HELENA, Mont. — Montana lawmakers advanced a bill package Friday that aims to blunt the economic impact of a coal-fired power plant’s planned partial closure by levying millions of dollars in fees and taxes against the plant’s owners.
The Energy and Telecommunications Interim Committee voted to send five bills to the 2017 Montana Legislature after a lengthy debate over whether the measures are actually meant to punish the out-of-state companies that own the two Colstrip power plant units slated to be shut down by 2022.
Colstrip is one of the largest coal-fired plants in the West and a major economic driver in southeastern Montana. Its future has been in question amid low coal prices, increasing federal regulations and lawsuits filed by environmental organizations.
A settlement in one of those lawsuits calls for the two older units owned by Washington’s Puget Sound Energy and Pennsylvania’s Talen Energy to shut down by July 2022. The plant’s two newer units, which are co-owned by those companies and four others, will continue operating.
The most contentious bill in the package would charge Puget Sound and Talen $3 million a year for the first five years after the shutdown, plus the full amount of property and licensing taxes they would have paid had the plant been operational. The owners would pay a decreasing percentage of those taxes for five more years.
Sen. Duane Ankney, R- Colstrip, who proposed the package, said the bill is not meant to punish Colstrip’s owners, but to ensure that workers and the community are treated fairly by the companies that promised permanent employment in Colstrip.
“You can bet if they shut Puget Sound Energy down, the executives of that company would leave that company with golden parachutes 10 times more than what this bill costs,” Ankney said. “This bill’s going to treat everybody equally.”
But Ankney and Sen. Cliff Larsen, D-Missoula, acknowledged bitter feelings after they traveled last winter to Olympia, Washington, and failed to gain support from lawmakers there to require Puget Sound Energy to keep the two older units running during a transition period.
“We thought the votes were there to give us a soft landing,” Larsen said. “We were misled, and this is a reaction to what we found over there.”
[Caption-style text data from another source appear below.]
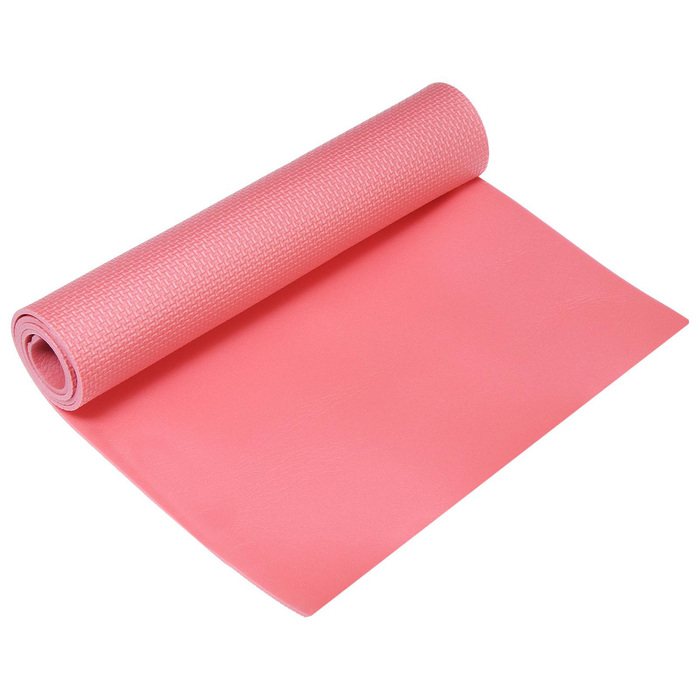 Коврик туристический, 140х50х0.5 см, цвет коралловый Коврик туристический, 140х50х0.5 см, цвет коралловый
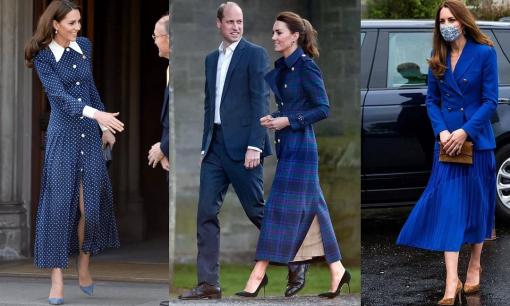 Khám phá phong cách thời trang của người phụ nữ thanh lịch nhất thế giới - Công nương Kate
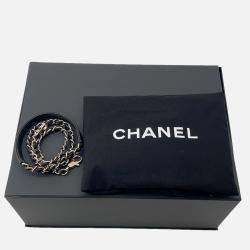 Pre Owned Chanel Coco Handle Black Caviar Leather Size 29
Puget Sound Energy attorney Thomas Ebzery said the legislation that Washington state lawmakers did pass allows the utility to put aside money to cover future Colstrip decommissioning and remediation costs.
The company opposes the Montana proposal to impose taxes and fees without a waiver if the aging units can’t meet federal or state regulatory standards, he said.
“An owner would continue to pay taxes for 10 years, as if it never left,” Ebzery said in a written comment to the committee.
One of the plaintiffs in the lawsuit that led to 2022 shutdown date, the Montana Environmental Information Center, urged the committee not to pass measures so harsh that companies would be discouraged from considering the state for future energy projects, such as solar and wind.
“If we start passing bills that are punitive, we’re not going to get future investment,” said MEIC deputy executive director Anne Hedges.
Her sentiments were echoed by a committee member, Rep. Christopher Pope, D-Bozeman.
“We have to roll out the welcome mat again, otherwise Colstrip will be a ghost town,” he said.
The five bills will be introduced when the Legislature convenes in January. Besides the fee proposal, another bill would double the wholesale energy tax on all power producers to pay for grants for local governments, school districts, economic development groups and to re-train workers.
A third bill would require Colstrip’s owners to submit a decommissioning and remediation plan that could be rejected or changed by the state.
A fourth bill would authorize state officials to participate in the Colstrip shutdown case that will go before Washington utility regulators in January, and the fifth would create a panel to help ensure fired workers receive their pension benefits.